TASK DIRECTIONS: Look through the entries below and extract exactly the lines from the one containing "Wishing New Year" through the one containing "BIC Round Stic", ends included.

TASK INPUTS:

=-=-=-=-=

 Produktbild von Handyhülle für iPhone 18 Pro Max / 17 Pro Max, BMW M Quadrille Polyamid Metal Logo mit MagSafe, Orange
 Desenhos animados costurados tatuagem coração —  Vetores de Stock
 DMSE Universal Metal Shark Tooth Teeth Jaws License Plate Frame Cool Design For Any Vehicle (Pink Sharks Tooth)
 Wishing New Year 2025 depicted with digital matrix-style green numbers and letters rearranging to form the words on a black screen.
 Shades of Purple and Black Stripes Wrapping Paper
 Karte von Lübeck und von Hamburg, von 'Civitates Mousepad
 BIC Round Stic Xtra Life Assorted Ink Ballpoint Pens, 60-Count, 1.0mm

=-=-=-=-=

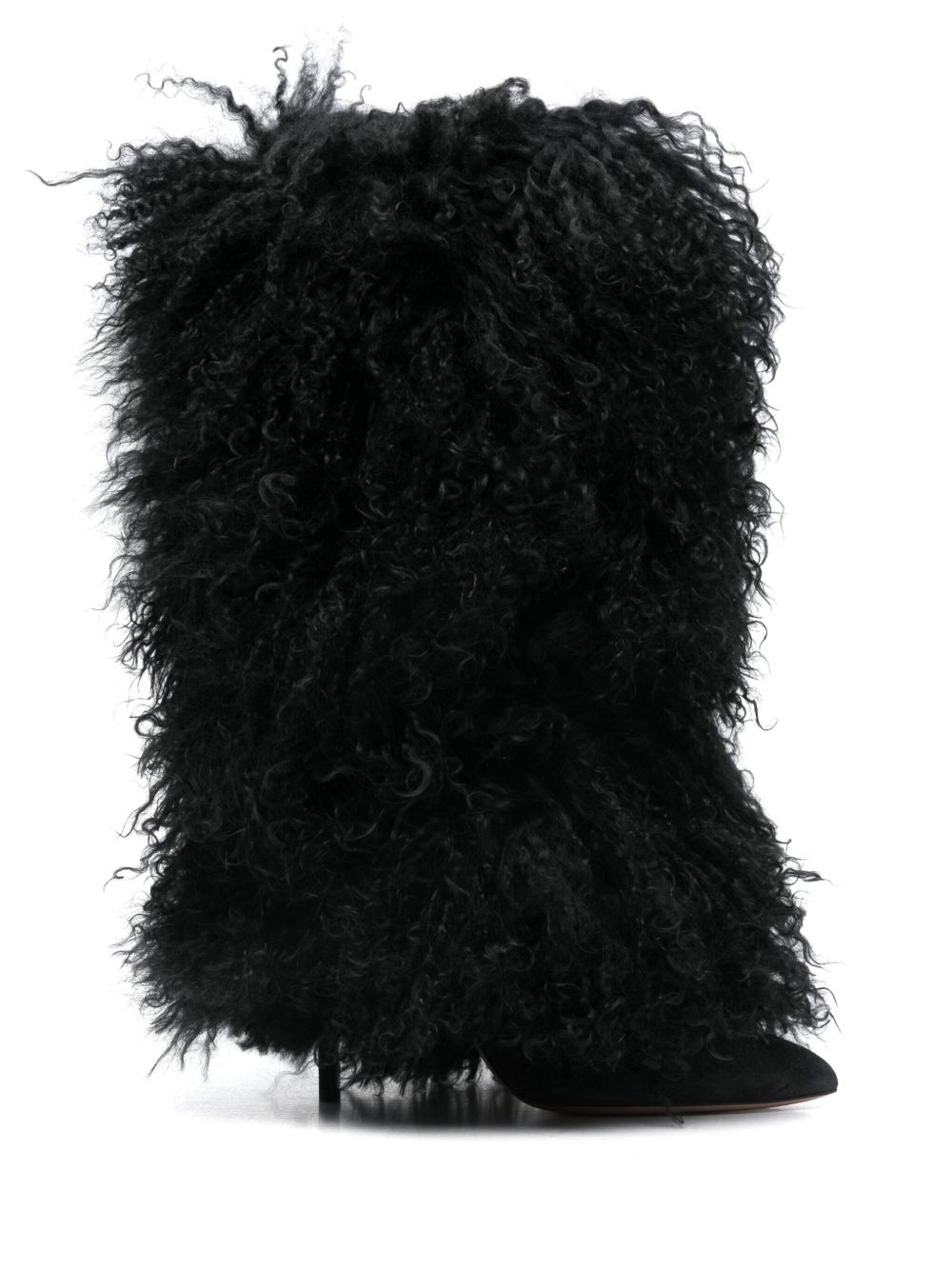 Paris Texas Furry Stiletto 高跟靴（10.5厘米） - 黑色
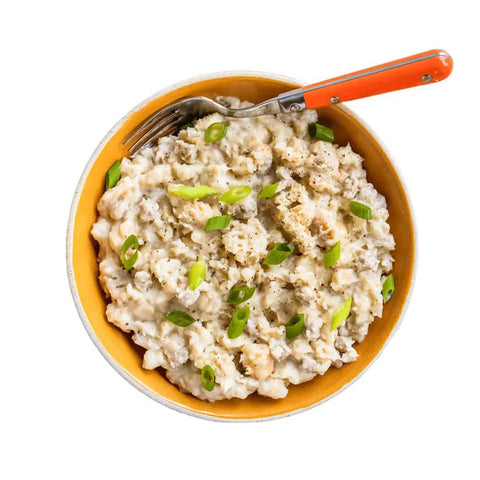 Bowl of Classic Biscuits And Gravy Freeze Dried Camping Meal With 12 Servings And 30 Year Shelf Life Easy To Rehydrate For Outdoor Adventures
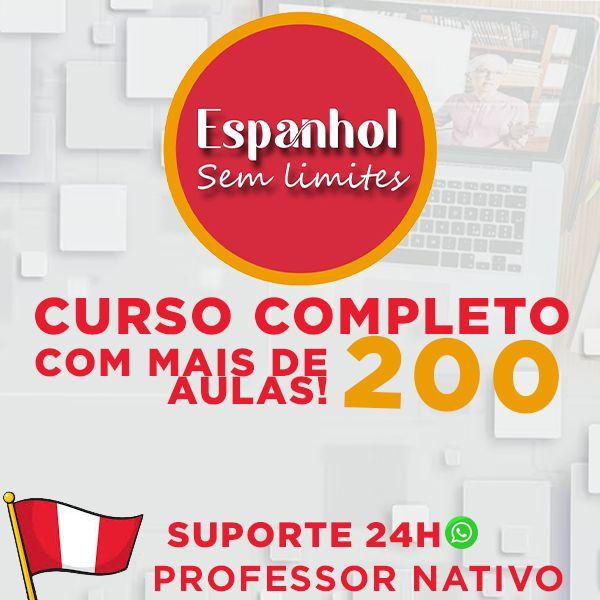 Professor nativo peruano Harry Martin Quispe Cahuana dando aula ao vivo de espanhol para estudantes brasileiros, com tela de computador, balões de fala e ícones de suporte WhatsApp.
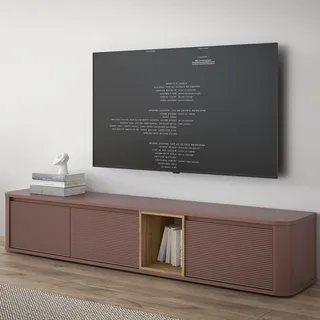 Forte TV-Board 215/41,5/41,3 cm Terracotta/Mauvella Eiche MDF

=-=-=-=-=

RESPONSE AREA:
 Wishing New Year 2025 depicted with digital matrix-style green numbers and letters rearranging to form the words on a black screen.
 Shades of Purple and Black Stripes Wrapping Paper
 Karte von Lübeck und von Hamburg, von 'Civitates Mousepad
 BIC Round Stic Xtra Life Assorted Ink Ballpoint Pens, 60-Count, 1.0mm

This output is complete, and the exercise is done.